BEGIN Supplied data

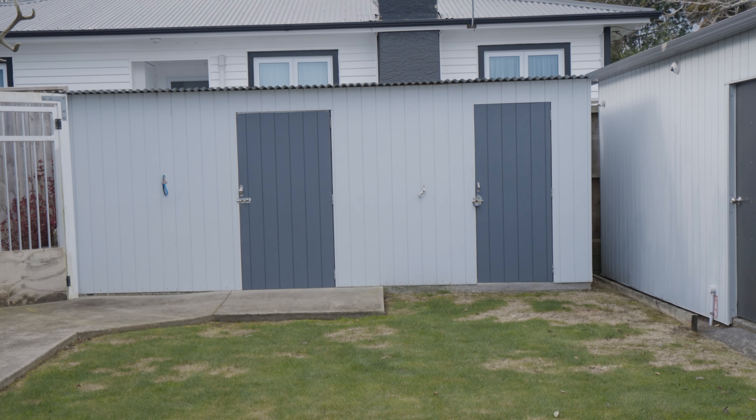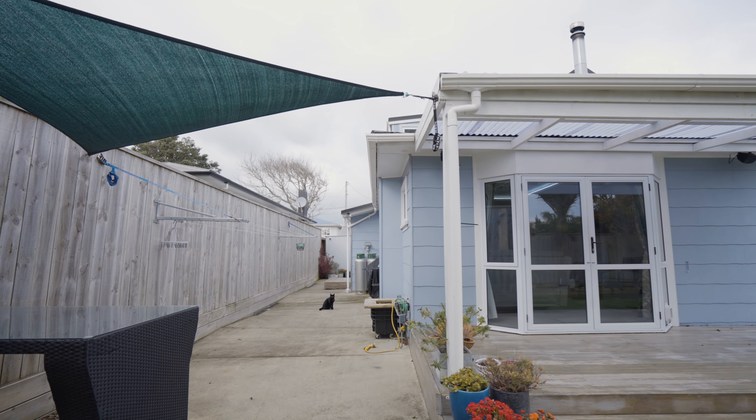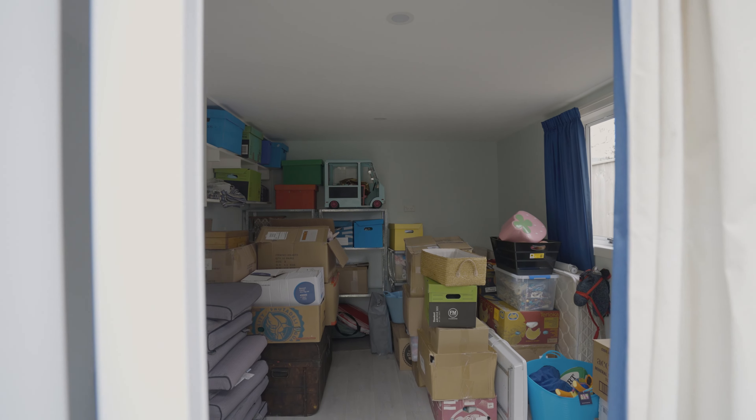Built alongside the garage is all the gardening and woodshed requirements a family needs. Out the back, a sleep-out has been built with close access to the house — a perfect area as an office, work from home, or further bedroom.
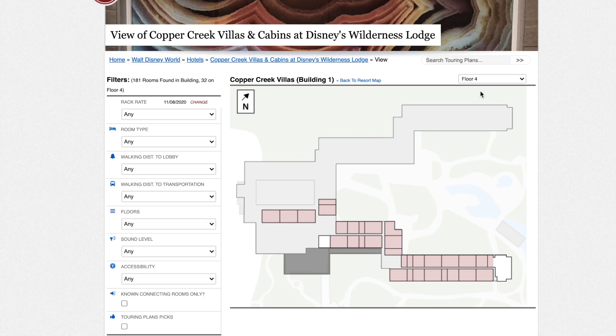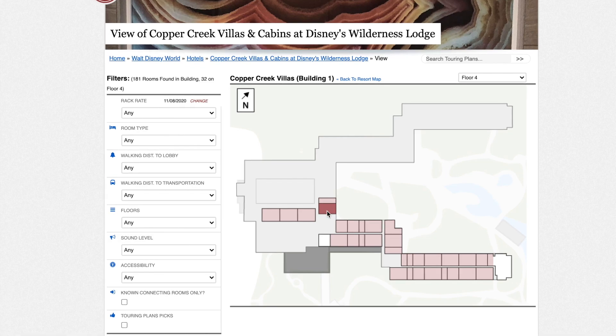Those rooms with the refrigerator near the front door are in the 106 line — rooms 4106, 5106, and 6106 — and the 133 line, so 4133 and up to 6106 as well. That's at least six rooms with this configuration, and they also have less storage space. I personally don't care for the Copper Creek kitchen layouts in general, but the refrigerator near the front door would definitely drive me insane. So rooms 2117, and the 133 and 106 lines, are the ones to avoid.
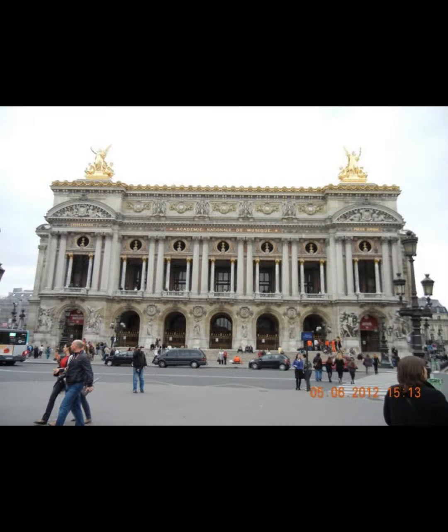The Palais Garnier, also known as Opera Garnier, is a historic 1,979-seat opera house at the Place de l'Opéra in Paris. It was built for the Paris Opera from 1861 to 1875 at the behest of Emperor Napoleon III.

END Supplied data

▶ Task brief: Line by line, give the material above again exactly, but without any pictures.

▶ Response box:
Built alongside the garage is all the gardening and woodshed requirements a family needs. Out the back, a sleep-out has been built with close access to the house — a perfect area as an office, work from home, or further bedroom.
Those rooms with the refrigerator near the front door are in the 106 line — rooms 4106, 5106, and 6106 — and the 133 line, so 4133 and up to 6106 as well. That's at least six rooms with this configuration, and they also have less storage space. I personally don't care for the Copper Creek kitchen layouts in general, but the refrigerator near the front door would definitely drive me insane. So rooms 2117, and the 133 and 106 lines, are the ones to avoid.
The Palais Garnier, also known as Opera Garnier, is a historic 1,979-seat opera house at the Place de l'Opéra in Paris. It was built for the Paris Opera from 1861 to 1875 at the behest of Emperor Napoleon III.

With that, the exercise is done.